Items from a data source
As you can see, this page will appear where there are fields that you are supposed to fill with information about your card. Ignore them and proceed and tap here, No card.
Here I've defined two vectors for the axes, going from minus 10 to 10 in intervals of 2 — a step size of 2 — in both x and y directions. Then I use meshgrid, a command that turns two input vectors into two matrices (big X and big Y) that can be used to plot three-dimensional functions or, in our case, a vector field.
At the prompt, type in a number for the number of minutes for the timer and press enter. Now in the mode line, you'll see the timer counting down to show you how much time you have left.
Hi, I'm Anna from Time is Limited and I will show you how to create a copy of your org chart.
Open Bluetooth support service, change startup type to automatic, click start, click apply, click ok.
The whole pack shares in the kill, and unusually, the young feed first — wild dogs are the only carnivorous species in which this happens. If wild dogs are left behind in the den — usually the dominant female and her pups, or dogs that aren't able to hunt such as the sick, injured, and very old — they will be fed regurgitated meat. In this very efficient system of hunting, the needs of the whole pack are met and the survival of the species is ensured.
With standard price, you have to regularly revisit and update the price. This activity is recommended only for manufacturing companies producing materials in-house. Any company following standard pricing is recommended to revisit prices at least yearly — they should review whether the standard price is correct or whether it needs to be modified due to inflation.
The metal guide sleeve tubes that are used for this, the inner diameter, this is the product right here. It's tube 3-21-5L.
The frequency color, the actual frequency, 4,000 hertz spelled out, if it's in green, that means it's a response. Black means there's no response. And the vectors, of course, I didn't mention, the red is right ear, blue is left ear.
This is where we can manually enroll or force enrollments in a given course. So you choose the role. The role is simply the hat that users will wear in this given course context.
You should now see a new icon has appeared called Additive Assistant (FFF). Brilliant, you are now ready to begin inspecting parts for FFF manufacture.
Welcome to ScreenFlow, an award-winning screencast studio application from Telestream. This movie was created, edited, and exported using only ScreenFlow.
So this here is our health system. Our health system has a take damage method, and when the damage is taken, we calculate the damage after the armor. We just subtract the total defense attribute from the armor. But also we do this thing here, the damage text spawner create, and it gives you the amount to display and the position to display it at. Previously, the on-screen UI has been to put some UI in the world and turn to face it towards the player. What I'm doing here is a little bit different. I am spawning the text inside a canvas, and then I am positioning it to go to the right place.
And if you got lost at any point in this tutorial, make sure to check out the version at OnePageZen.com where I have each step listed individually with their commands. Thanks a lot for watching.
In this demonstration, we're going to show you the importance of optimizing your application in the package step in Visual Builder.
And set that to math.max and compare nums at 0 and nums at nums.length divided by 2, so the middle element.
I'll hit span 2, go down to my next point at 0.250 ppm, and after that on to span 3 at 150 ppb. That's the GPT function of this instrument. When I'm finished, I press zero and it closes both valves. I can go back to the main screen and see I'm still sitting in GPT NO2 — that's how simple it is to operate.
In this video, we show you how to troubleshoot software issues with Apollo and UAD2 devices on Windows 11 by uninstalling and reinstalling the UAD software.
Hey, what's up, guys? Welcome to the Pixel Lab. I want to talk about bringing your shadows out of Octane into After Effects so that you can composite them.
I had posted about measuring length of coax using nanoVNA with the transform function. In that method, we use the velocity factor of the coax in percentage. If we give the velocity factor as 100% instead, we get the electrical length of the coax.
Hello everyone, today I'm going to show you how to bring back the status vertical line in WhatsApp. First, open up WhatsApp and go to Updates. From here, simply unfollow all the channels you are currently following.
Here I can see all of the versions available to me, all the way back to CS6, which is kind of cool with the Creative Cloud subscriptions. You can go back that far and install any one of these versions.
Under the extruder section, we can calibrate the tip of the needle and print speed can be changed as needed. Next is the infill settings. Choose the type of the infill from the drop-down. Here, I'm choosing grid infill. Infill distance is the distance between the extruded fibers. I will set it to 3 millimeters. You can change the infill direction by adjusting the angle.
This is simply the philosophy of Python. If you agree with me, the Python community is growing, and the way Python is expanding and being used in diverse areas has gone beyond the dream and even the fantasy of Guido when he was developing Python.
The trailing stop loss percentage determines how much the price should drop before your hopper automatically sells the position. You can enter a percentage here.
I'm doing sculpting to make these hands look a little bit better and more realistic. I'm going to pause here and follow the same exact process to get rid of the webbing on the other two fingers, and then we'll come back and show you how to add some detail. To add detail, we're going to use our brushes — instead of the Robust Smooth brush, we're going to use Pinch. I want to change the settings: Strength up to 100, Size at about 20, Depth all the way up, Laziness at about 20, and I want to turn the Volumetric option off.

= How to complete this task =
All records are to be printed again, exactly and completely.

= Expected answer =
As you can see, this page will appear where there are fields that you are supposed to fill with information about your card. Ignore them and proceed and tap here, No card.
Here I've defined two vectors for the axes, going from minus 10 to 10 in intervals of 2 — a step size of 2 — in both x and y directions. Then I use meshgrid, a command that turns two input vectors into two matrices (big X and big Y) that can be used to plot three-dimensional functions or, in our case, a vector field.
At the prompt, type in a number for the number of minutes for the timer and press enter. Now in the mode line, you'll see the timer counting down to show you how much time you have left.
Hi, I'm Anna from Time is Limited and I will show you how to create a copy of your org chart.
Open Bluetooth support service, change startup type to automatic, click start, click apply, click ok.
The whole pack shares in the kill, and unusually, the young feed first — wild dogs are the only carnivorous species in which this happens. If wild dogs are left behind in the den — usually the dominant female and her pups, or dogs that aren't able to hunt such as the sick, injured, and very old — they will be fed regurgitated meat. In this very efficient system of hunting, the needs of the whole pack are met and the survival of the species is ensured.
With standard price, you have to regularly revisit and update the price. This activity is recommended only for manufacturing companies producing materials in-house. Any company following standard pricing is recommended to revisit prices at least yearly — they should review whether the standard price is correct or whether it needs to be modified due to inflation.
The metal guide sleeve tubes that are used for this, the inner diameter, this is the product right here. It's tube 3-21-5L.
The frequency color, the actual frequency, 4,000 hertz spelled out, if it's in green, that means it's a response. Black means there's no response. And the vectors, of course, I didn't mention, the red is right ear, blue is left ear.
This is where we can manually enroll or force enrollments in a given course. So you choose the role. The role is simply the hat that users will wear in this given course context.
You should now see a new icon has appeared called Additive Assistant (FFF). Brilliant, you are now ready to begin inspecting parts for FFF manufacture.
Welcome to ScreenFlow, an award-winning screencast studio application from Telestream. This movie was created, edited, and exported using only ScreenFlow.
So this here is our health system. Our health system has a take damage method, and when the damage is taken, we calculate the damage after the armor. We just subtract the total defense attribute from the armor. But also we do this thing here, the damage text spawner create, and it gives you the amount to display and the position to display it at. Previously, the on-screen UI has been to put some UI in the world and turn to face it towards the player. What I'm doing here is a little bit different. I am spawning the text inside a canvas, and then I am positioning it to go to the right place.
And if you got lost at any point in this tutorial, make sure to check out the version at OnePageZen.com where I have each step listed individually with their commands. Thanks a lot for watching.
In this demonstration, we're going to show you the importance of optimizing your application in the package step in Visual Builder.
And set that to math.max and compare nums at 0 and nums at nums.length divided by 2, so the middle element.
I'll hit span 2, go down to my next point at 0.250 ppm, and after that on to span 3 at 150 ppb. That's the GPT function of this instrument. When I'm finished, I press zero and it closes both valves. I can go back to the main screen and see I'm still sitting in GPT NO2 — that's how simple it is to operate.
In this video, we show you how to troubleshoot software issues with Apollo and UAD2 devices on Windows 11 by uninstalling and reinstalling the UAD software.
Hey, what's up, guys? Welcome to the Pixel Lab. I want to talk about bringing your shadows out of Octane into After Effects so that you can composite them.
I had posted about measuring length of coax using nanoVNA with the transform function. In that method, we use the velocity factor of the coax in percentage. If we give the velocity factor as 100% instead, we get the electrical length of the coax.
Hello everyone, today I'm going to show you how to bring back the status vertical line in WhatsApp. First, open up WhatsApp and go to Updates. From here, simply unfollow all the channels you are currently following.
Here I can see all of the versions available to me, all the way back to CS6, which is kind of cool with the Creative Cloud subscriptions. You can go back that far and install any one of these versions.
Under the extruder section, we can calibrate the tip of the needle and print speed can be changed as needed. Next is the infill settings. Choose the type of the infill from the drop-down. Here, I'm choosing grid infill. Infill distance is the distance between the extruded fibers. I will set it to 3 millimeters. You can change the infill direction by adjusting the angle.
This is simply the philosophy of Python. If you agree with me, the Python community is growing, and the way Python is expanding and being used in diverse areas has gone beyond the dream and even the fantasy of Guido when he was developing Python.
The trailing stop loss percentage determines how much the price should drop before your hopper automatically sells the position. You can enter a percentage here.
I'm doing sculpting to make these hands look a little bit better and more realistic. I'm going to pause here and follow the same exact process to get rid of the webbing on the other two fingers, and then we'll come back and show you how to add some detail. To add detail, we're going to use our brushes — instead of the Robust Smooth brush, we're going to use Pinch. I want to change the settings: Strength up to 100, Size at about 20, Depth all the way up, Laziness at about 20, and I want to turn the Volumetric option off.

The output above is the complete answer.